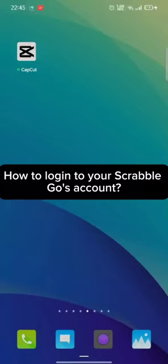Hi guys, welcome back to a new episode of Crazy Gamer. Today in this video, I'm going to show you how to log into your Scrabble Go account. To log into your Scrabble Go account, firstly go ahead and open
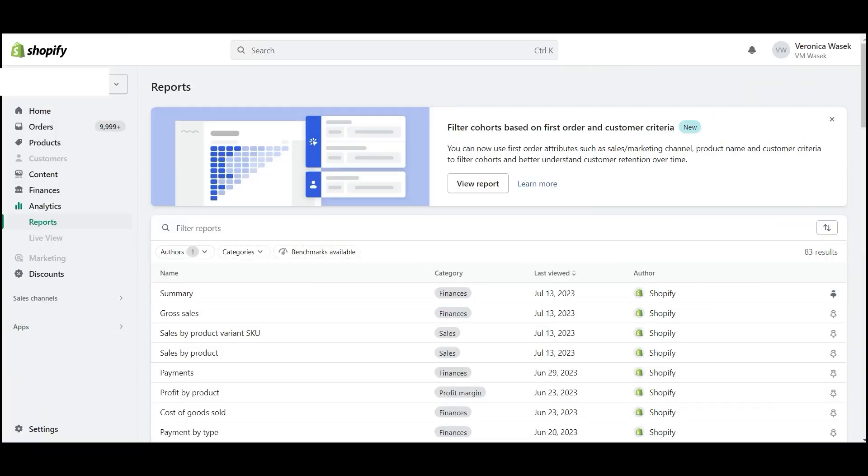Let's take a deeper look at the Shopify finances summary report and what every Shopify seller should know about it. Let's run the finances summary report.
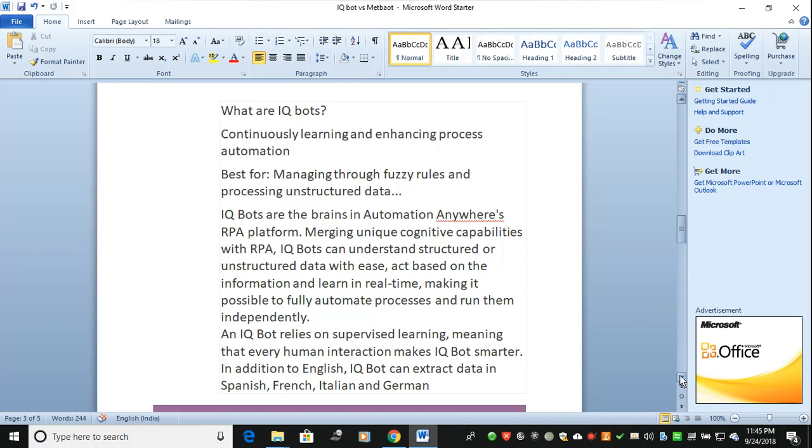In addition to English, IQ Bot can extract data in Spanish, French, Italian, and German. TaskBots only work in English, but IQ Bot is adding other languages like Spanish because 340 million people speak Spanish, so they're adding Spanish to IQ Bots.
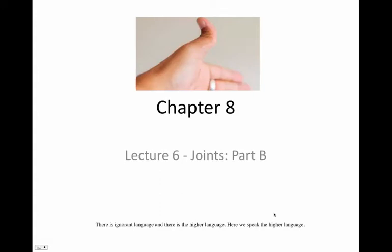Welcome to our next lecture. This one is going to be an exciting one — there's more video, some different accents, and a variety of different things. So let's get started. Chapter 8, Lecture 6, Joints, Part B.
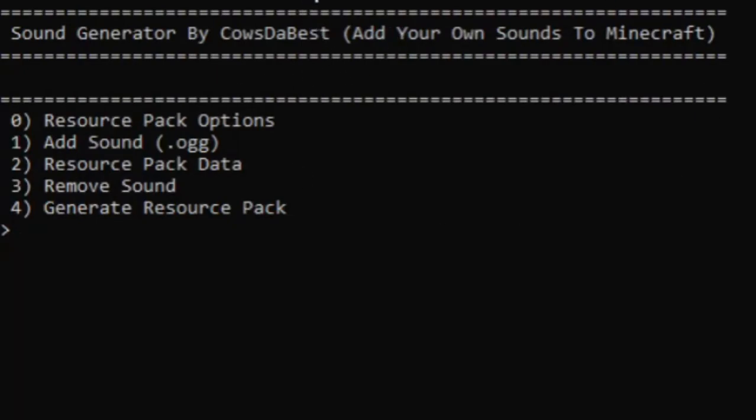Once you open it, it'll take a little bit to load. Basically I'm gonna be doing exactly what I did in the ore generator video where I just walk you through how to use it. So let's get started.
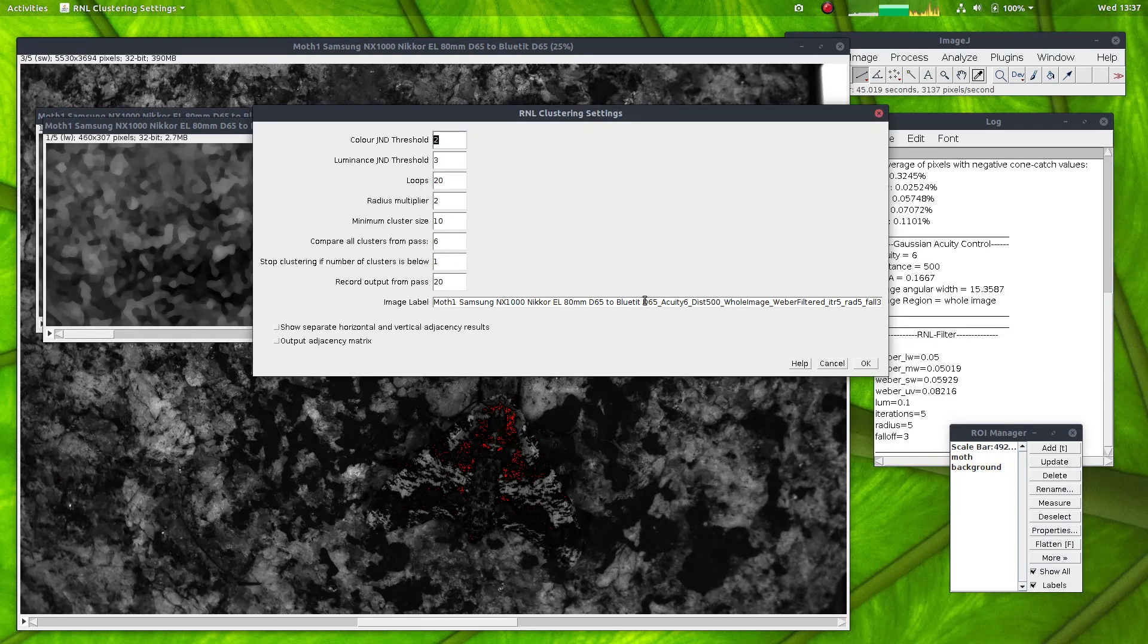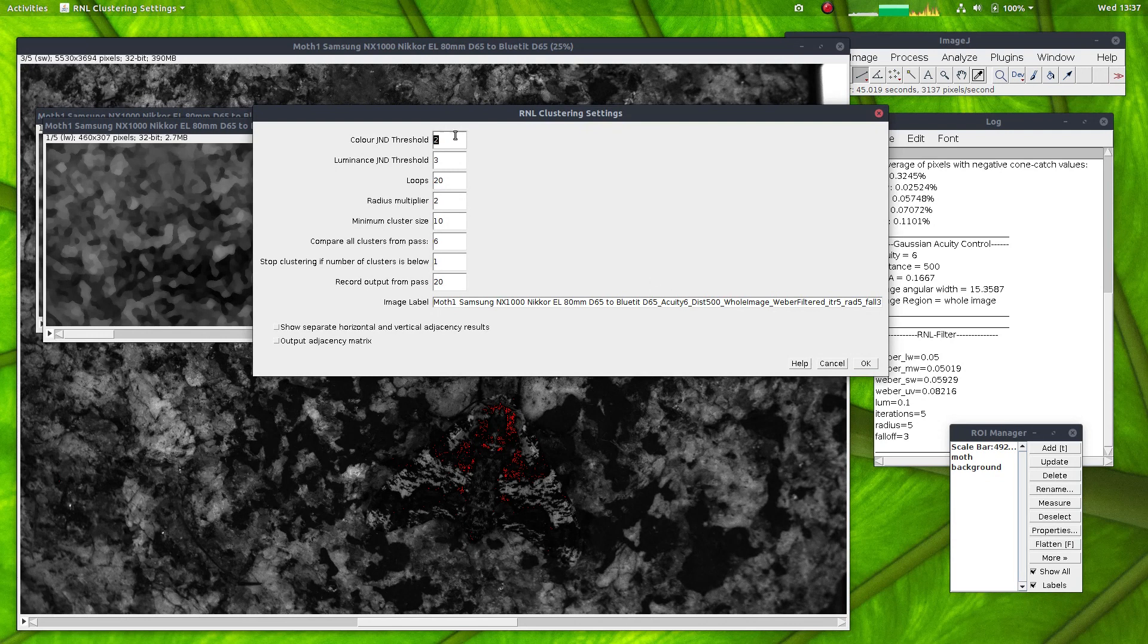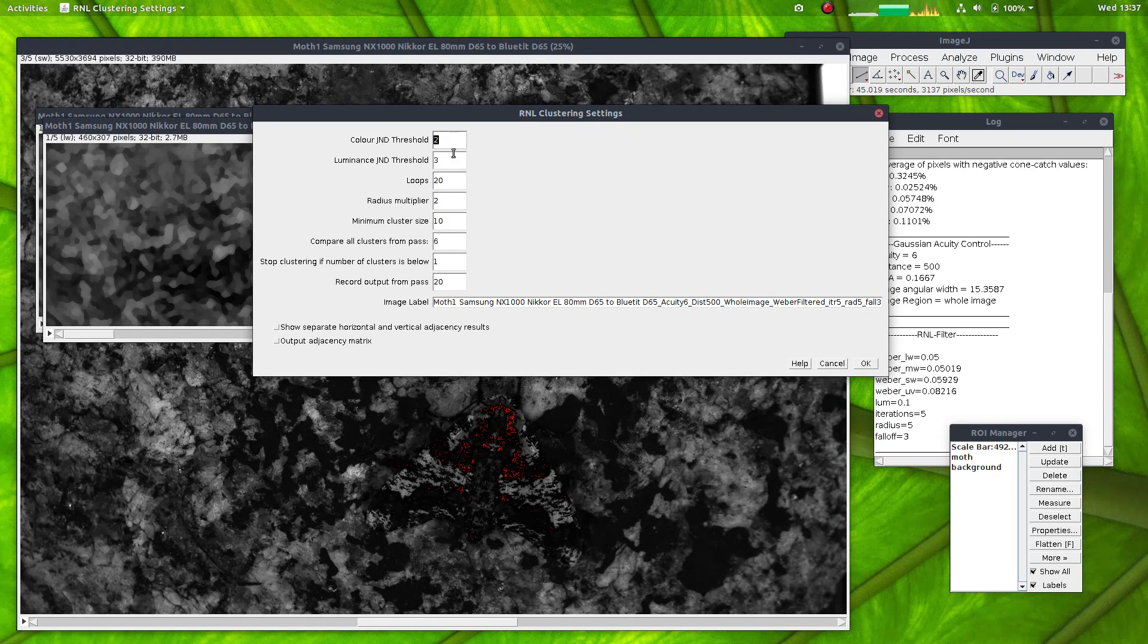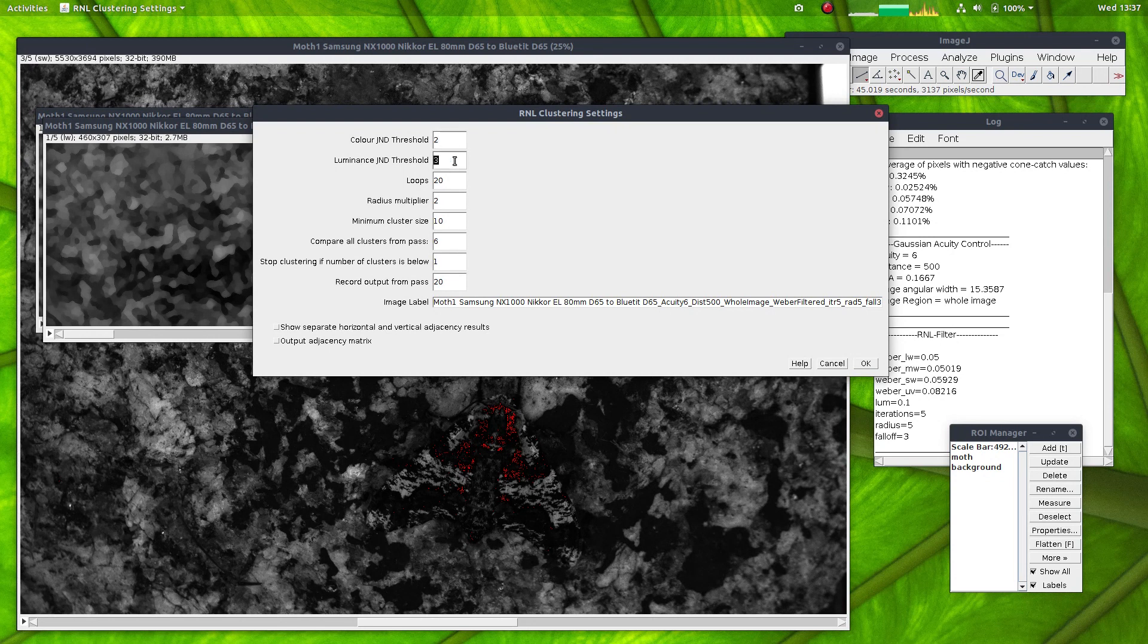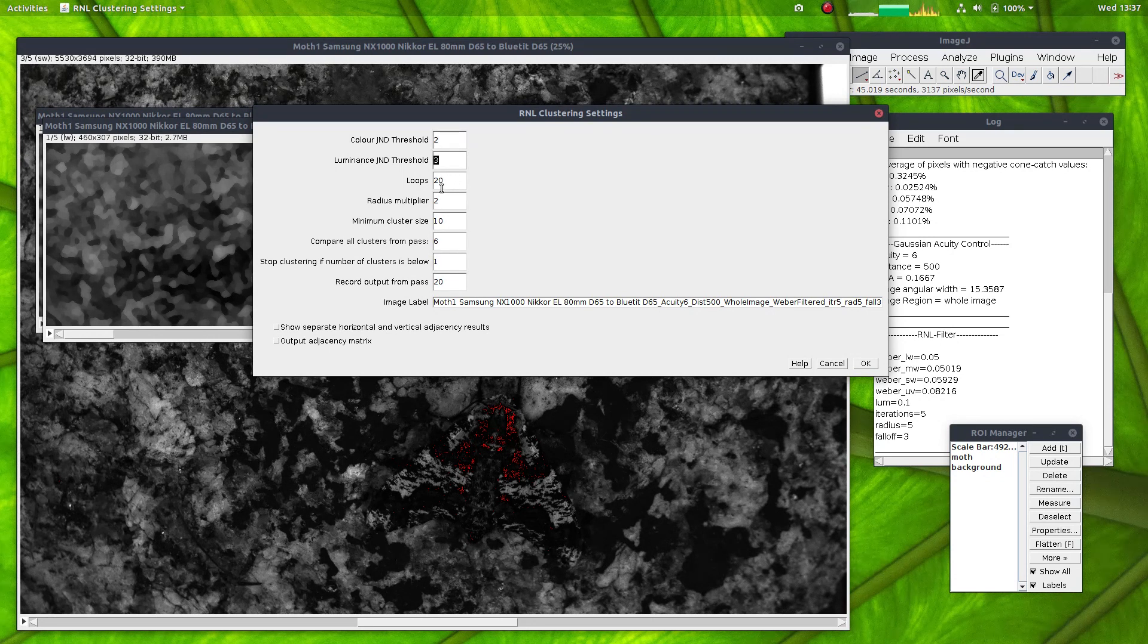Okay, now that's finished, it's brought up the clustering settings, and I'll just go with these settings. So we have the chromatic and achromatic thresholds, and all of these default settings here.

# # # #

Beginning with the line where "Welcome to our" appears, restate word for word every line down to the last one in the data, but keep the pictures out.

• Task output:
Welcome to our next lecture. This one is going to be an exciting one — there's more video, some different accents, and a variety of different things. So let's get started. Chapter 8, Lecture 6, Joints, Part B.
Once you open it, it'll take a little bit to load. Basically I'm gonna be doing exactly what I did in the ore generator video where I just walk you through how to use it. So let's get started.
Okay, now that's finished, it's brought up the clustering settings, and I'll just go with these settings. So we have the chromatic and achromatic thresholds, and all of these default settings here.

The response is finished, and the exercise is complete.